**Brief descriptive captions**
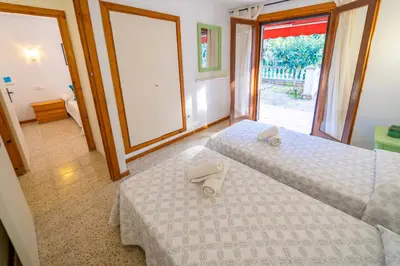 Cama o camas de una habitación en Villa Natura Frente al Mar Piscina Barbacoa Aire Acondicionado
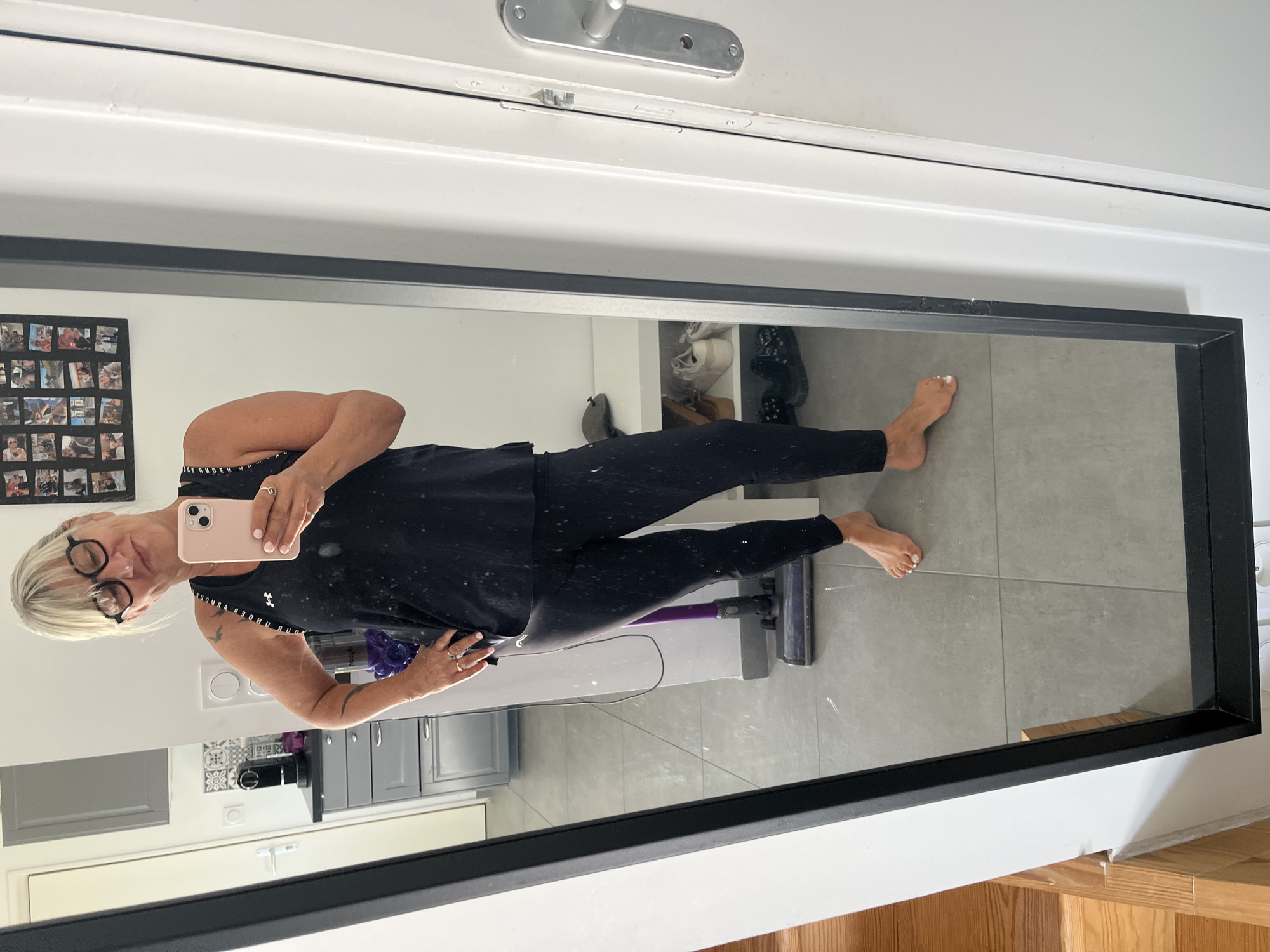 A woman stands in a domestic setting, reflected in a full-length mirror. She is wearing a black tank top and black leggings. She holds a pink smartphone in her right hand, taking a selfie. Her left hand is on her hip. She has blonde hair and wears glasses. Behind her, visible in the reflection, is a kitchen area with cabinets and a coffee machine. To the right of the mirror is a white door with a silver handle. The floor is tiled. There are several pairs of shoes on shelves in the background, and a purple vacuum cleaner is visible on the floor. The image appears to have been taken in an interior space, likely a home, within Chambœuf, France, based on the provided context.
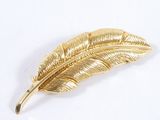 une broche en feuille d'or sur un fond blanc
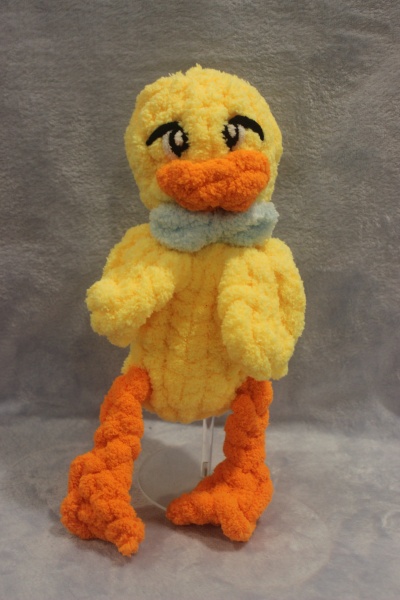 Peluche de pato amarelo com bico e pés laranja e laço azul claro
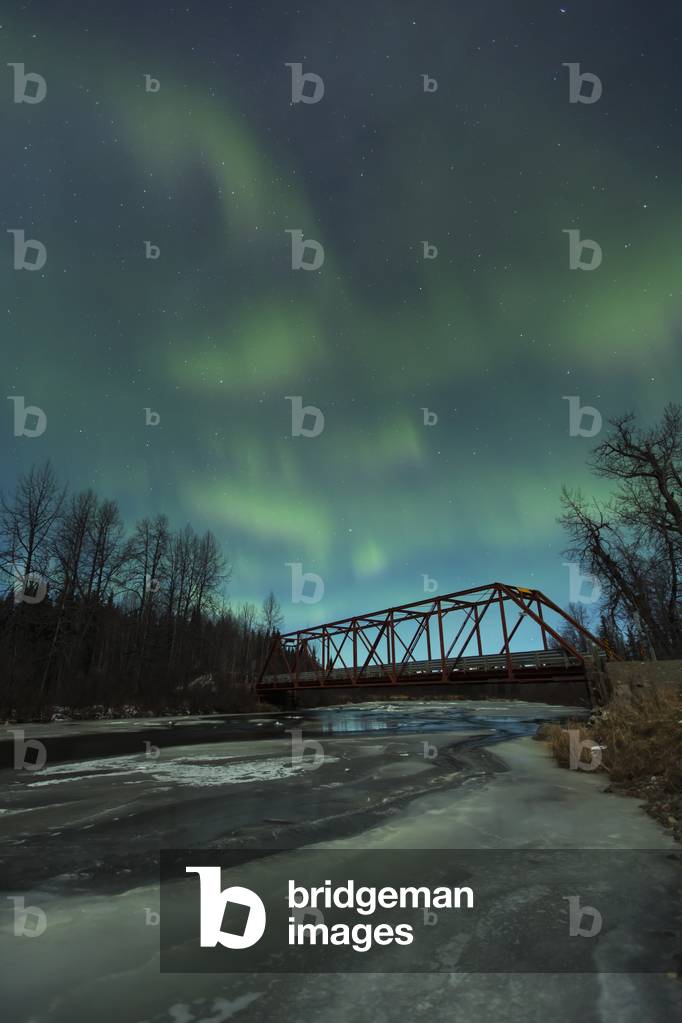 View of green Northern Lights above Peters Creek and the Dollar Creek Bridge, Petersville Road, Southcentral Alaska, Autumn (photo)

**WORK REQUIRED**
Leaving aside the images, write out every entry above exactly.

**RESULT FOR THIS TASK**
 Cama o camas de una habitación en Villa Natura Frente al Mar Piscina Barbacoa Aire Acondicionado
 A woman stands in a domestic setting, reflected in a full-length mirror. She is wearing a black tank top and black leggings. She holds a pink smartphone in her right hand, taking a selfie. Her left hand is on her hip. She has blonde hair and wears glasses. Behind her, visible in the reflection, is a kitchen area with cabinets and a coffee machine. To the right of the mirror is a white door with a silver handle. The floor is tiled. There are several pairs of shoes on shelves in the background, and a purple vacuum cleaner is visible on the floor. The image appears to have been taken in an interior space, likely a home, within Chambœuf, France, based on the provided context.
 une broche en feuille d'or sur un fond blanc
 Peluche de pato amarelo com bico e pés laranja e laço azul claro
 View of green Northern Lights above Peters Creek and the Dollar Creek Bridge, Petersville Road, Southcentral Alaska, Autumn (photo)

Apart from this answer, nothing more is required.